From inside a mountainside bunker, U.S. Secretary of State Condoleezza Rice saw firsthand Saturday what a war with North Korea might look like.

Rice became the most senior American official to tour a command center for U.S. and South Korean troops that would be the battle headquarters in the event of fighting with the communist North.

"I know that you face a close-in threat every day," Rice told troops at Command Post Tango, or Theater Air Naval Ground Operations.

Rice's visit coincided with a twice-yearly war exercise involving thousands of American and South Korean soldiers. When Rice got a look at the command center, it also was the first time that reporters and cameras were allowed into the bunker south of Seoul.

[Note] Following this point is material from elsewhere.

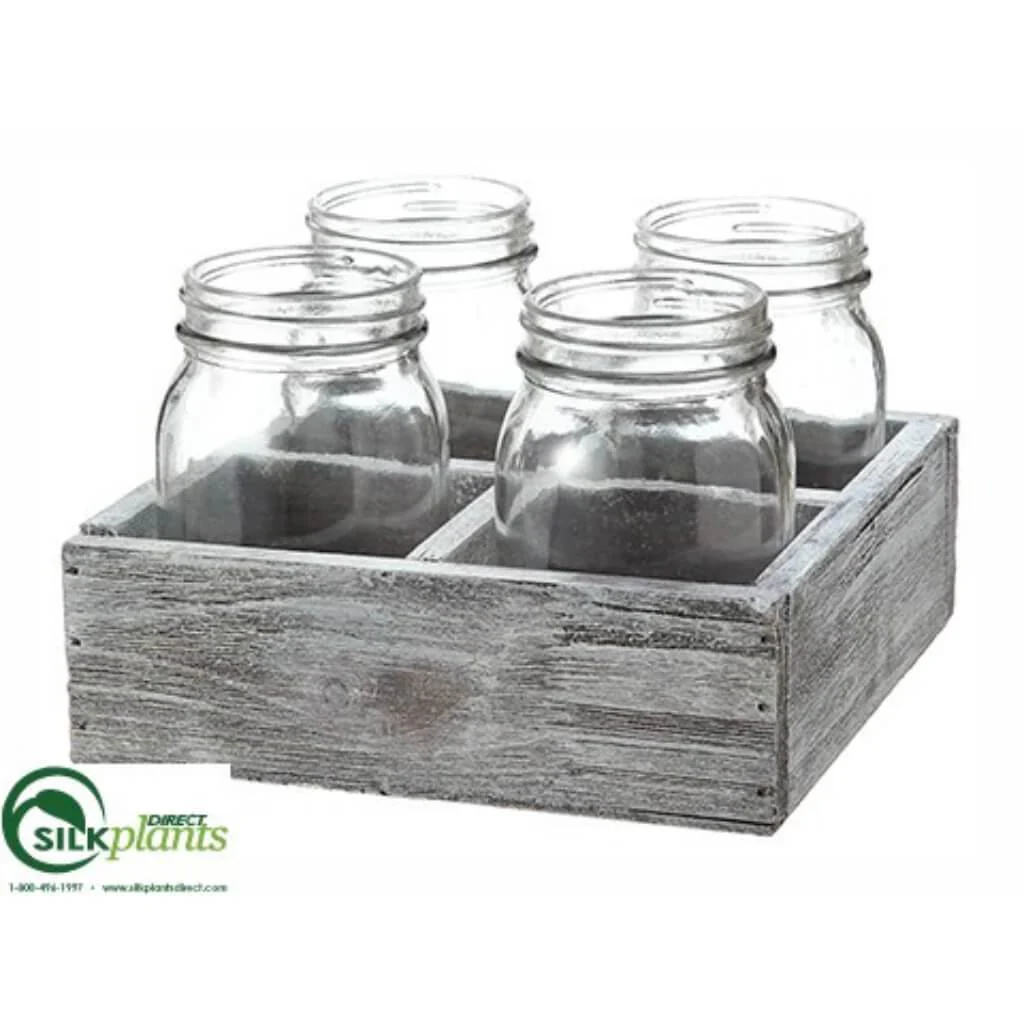 5.2inH x 8in x W8inL GLASS VASE X4 IN WD BX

North Korea denounced the exercises as a rehearsal for a U.S.-led pre-emptive attack.

"The Republic of Korea, a great democracy now, faces a threat across the divide of a state that is not democratic, that is not free, and that does not have the best interests of its people at heart," Rice said.

Rice's trip to Asia is intended partly to push North Korea to resume nuclear disarmament talks. She repeatedly has assured North Korea that the United States has no intention of invading.

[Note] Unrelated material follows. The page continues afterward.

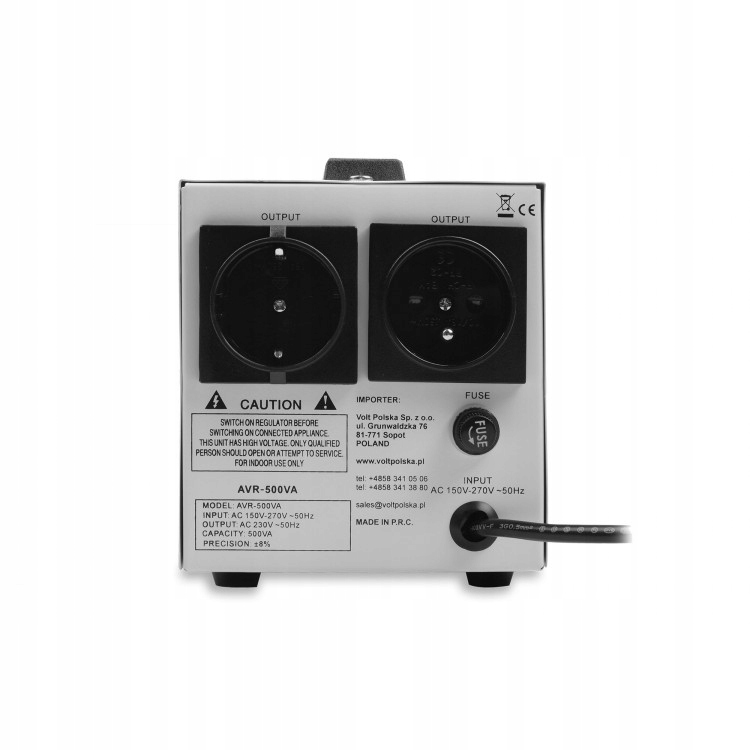 СТАБІЛІЗАТОР НАПРУГИ VOLT POLSKA AVR 500 Вт ДЛЯ АВТОМАТИЧНОГО ГЕНЕРАТОРА. Оригінальна упаковка.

Still, more than 32,000 U.S. troops are stationed in Korea, with more at the ready nearby. They are testament to the tension and suspicion between North and South Korea five decades after active hostilities ended in the Korean War.

"In parts of the world, the Cold War has ended and we've been able to (produce) a continent like Europe, that is now whole and free," Rice told commanders and troops. "But of course, divisions remain here in Korea."

In a large underground room that resembled a university lecture hall, Rice received a classified briefing on war preparations. In place of a blackboard, the room has a huge computer-driven display screen.

When reporters were brought into the room, the lighted screen showed only the State Department seal where maps or detailed planning data would be.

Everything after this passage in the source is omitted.